Deputy commissioner Ruhul Amin says other than the 30 thousand refugees in the two camps at Ukhia and Teknaf, there are over another 400 thousand people from Myanmar illegally living in the jungles and kills of the area. In search of work or falling pray to traffickers, these Rohingya set off by sea for Malaysia and fall into danger. This activity continues despite efforts to prevent such trafficking.

Incidents: On 3 September this year police caught 19 persons at eleven in the night from Palakata in Chokoria. These people from Sirajganj, Comilla and Jessore were going to Malaysia.

The 27-year-old Rafiqul Islam and 40-year-old Tara Miah of Sirajganj, who were caught in the police drive, said that they paid 10 thousand taka each to a dealer Jasim Uddin who took them via Dhaka to Cox’s Bazar. At night he handed them over to pirates who stripped them of all their money and valuables and set them free.

Eighteen-year-old Ripon Hossain of Jessore and 30-year-old Ershad of Comilla said that the pirates beat them up but let the trafficker Jasim run away. They think that the traffickers and the pirates know each other from beforehand. About going to Malaysia by this illegal route, Ripon and Ershad said that going to Malaysia for only 10 thousand taka was like a dream. They had no idea that it was a fraud business until it was too late.

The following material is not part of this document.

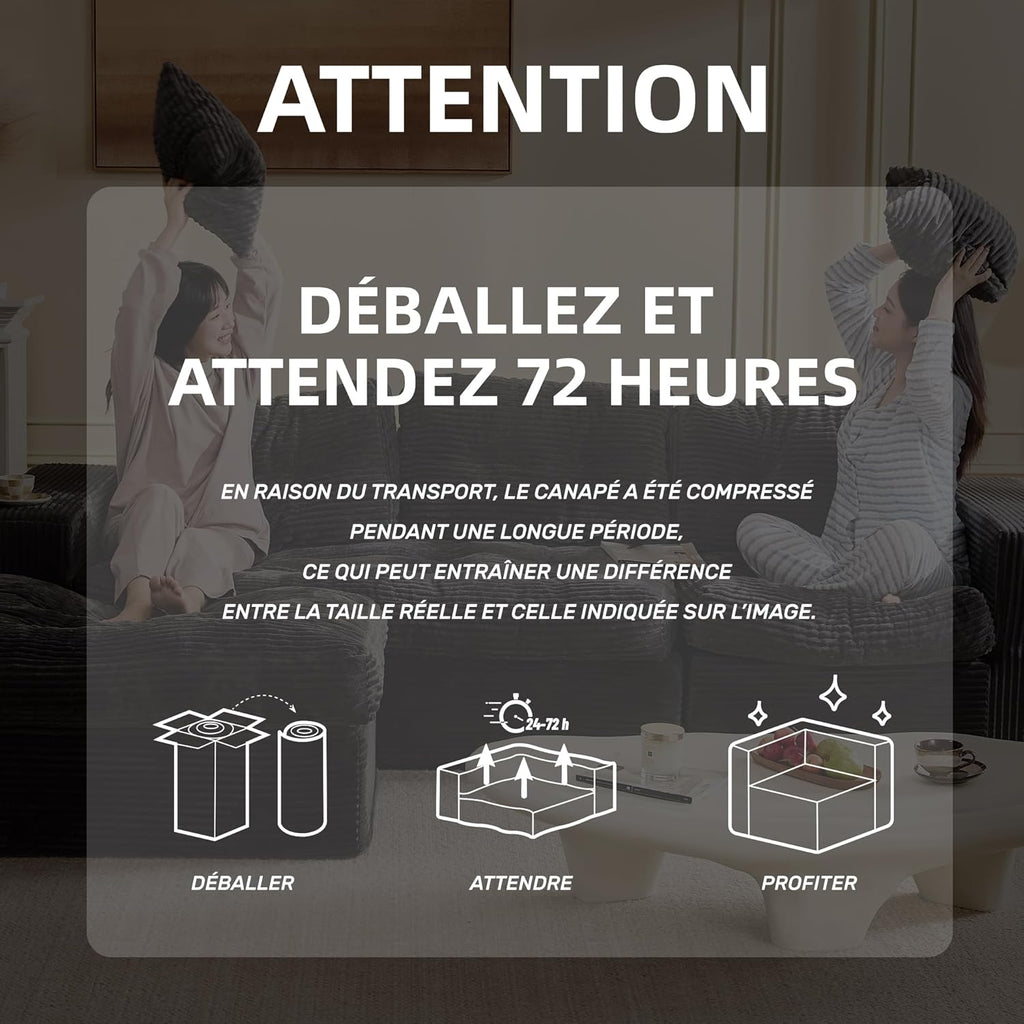 Canapé d'angle modulable Litbird – 3 places + pouf – Velours côtelé beige – Sans montage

Officer-in-Charge (OC) Mahfuzur Rahman of Cox’s Bazar sadar model police station tells Prothom Alo that on 3 September a trafficker of Magura, Sagar Biswas, had brought nine passengers from Magura to Cox’s Bazar to send them to Malaysia. On 4 September while he was selling them to another trafficker Mohammed Mustafa at a local hotel, the police nabbed them.

Jamal Uddin and Zubair of Habiganj, both in their twenties, told the local media that while bringing them from Habiganj the trafficker Sagar Biswas has said that he would send them to Malaysia by ship. They wouldn’t have to pay anything at the time, and would only have to pay a small sum after they got their jobs in Malaysia. But then he handed them over to another trafficker in Cox’s Bazar for 15 thousand taka each.

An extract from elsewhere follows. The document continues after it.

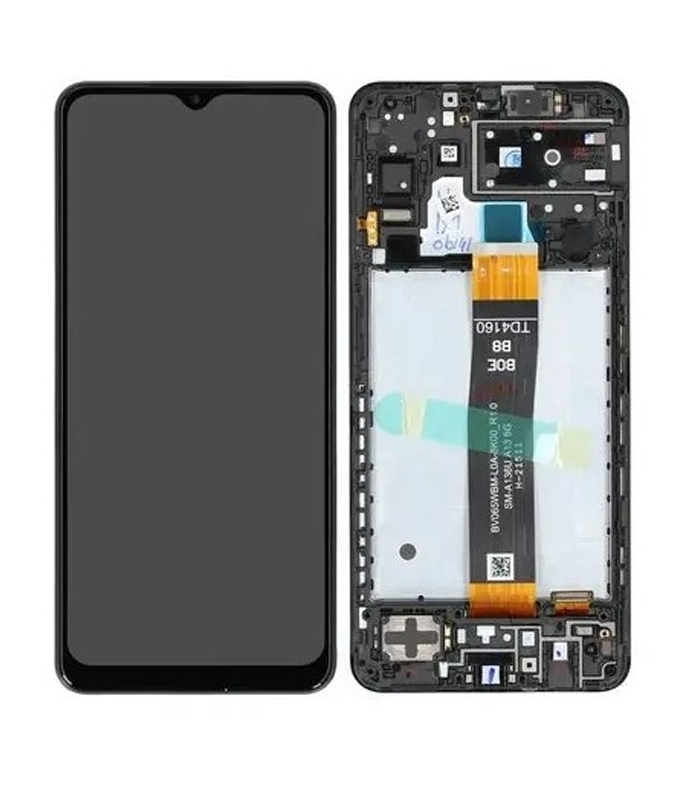 LCD Display Service Pack Galaxy A13 5G (A136) with Frame GH82-29077A - Zwart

In police detention, Sagar Biswas tells Prothom Alo that there are hundreds of such dealers who bring people from various districts to Cox’s Bazar free of cost. They then receive from 5000 to 15 thousand taka when they hand them over to traffickers there. Human trafficking has become a lucrative business. These passengers are taken to Thailand and other places where they are sold for 200 thousand to 250 thousand per head.

On 4 August a trawler carrying over a hundred passengers was destroyed along the Naziratek coast. Thirty-five-year-old Alam Sheikh of Narsingdi died in the accident. Survivor of the accident, Mohammed Shaheen of Narsingdi, says, “The trawler was destroyed in the turbulent waves during stormy weather on the way to Malaysia.” He managed to survive by clinging on to a barrel and floating to the shore.

Police super Shyamal Kumar Nath of Cox’s Bazar says, “The police has been kept on alert about human trafficking. The police have also been holding rallies and gathering to raise public awareness against trafficking in Ukhia, Teknaf and the sadar upazila.

OC of Teknaf police station Mukhter Hossain says that over the past eight months the police, BGB and other law enforcing agencies caught 533 passengers from the Teknaf coast alone. And 122 cases have been filed against over 400 traffickers in Teknaf police station. The police are endeavouring to end human trafficking completely, he says.